··· Input data
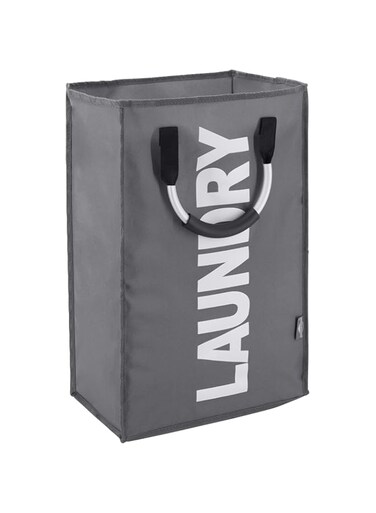 TERRIFI 40L Collapsible Laundry Basket, Freestanding Tall Clothes Hamper, Foldable Hamper Basket Bags, Suitable for Bedroom, Bathroom, Laundry Room (Dark Grey)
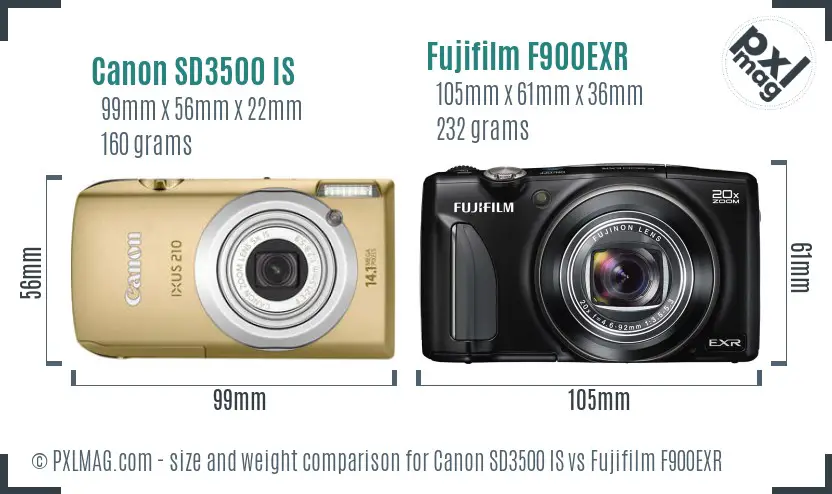 Canon SD3500 IS vs Fujifilm F900EXR size comparison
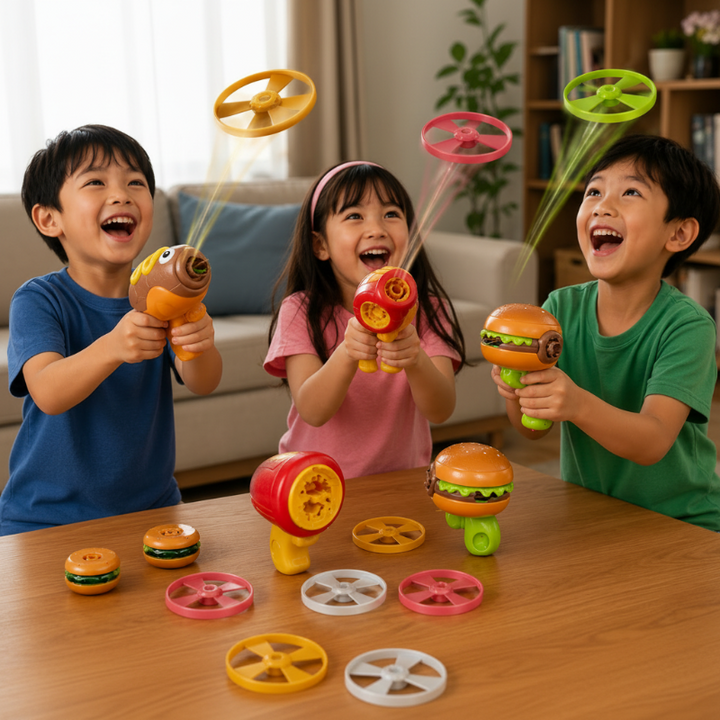 Three children playing indoors with food-shaped launchers and colorful flying disks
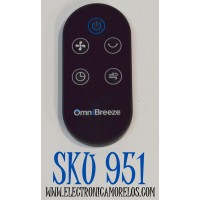 CONTROL REMOTO ORIGINAL PARA UN VENTILADOR DE TORRE OMNIBREEZE / NUMERO DE PARTE SFY.22 / 3333004 / DC2018 / DC2219 / DC2301 / RM1002 / MK-TF0002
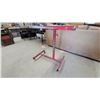 Image 3 : Mobile Adjustable-Height Work Table/Lift Stand with Red Metal Frame and Diamond Plate Top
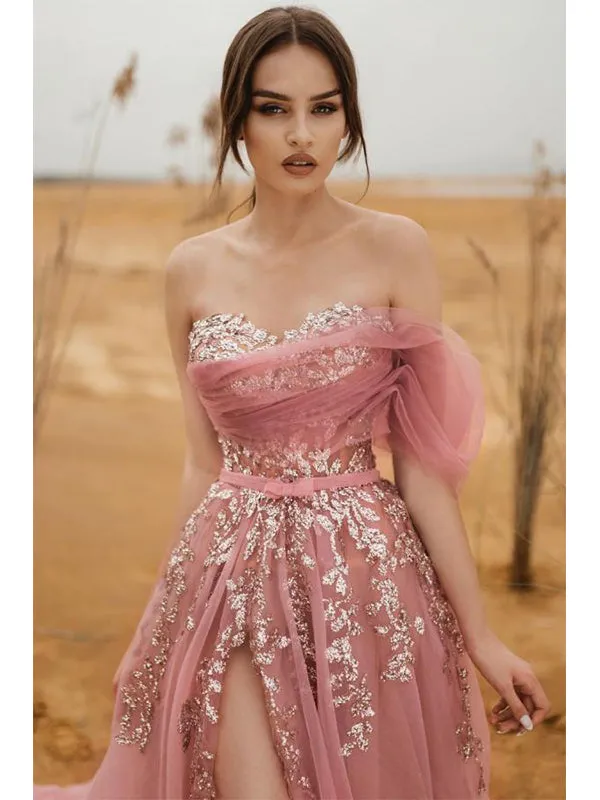 Elegant Sweetheart Pink Off the Shoulder Tulle A-line Long Prom Dresses Evening Dress, OL830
······
» **Problem to solve**: Give back exactly, and solely, the section of the data above bounded by the line containing "Three children playing" and the line containing "CONTROL REMOTO ORIGINAL", both bounding lines included and pictures omitted.

» **Result of the task**:
 Three children playing indoors with food-shaped launchers and colorful flying disks
 CONTROL REMOTO ORIGINAL PARA UN VENTILADOR DE TORRE OMNIBREEZE / NUMERO DE PARTE SFY.22 / 3333004 / DC2018 / DC2219 / DC2301 / RM1002 / MK-TF0002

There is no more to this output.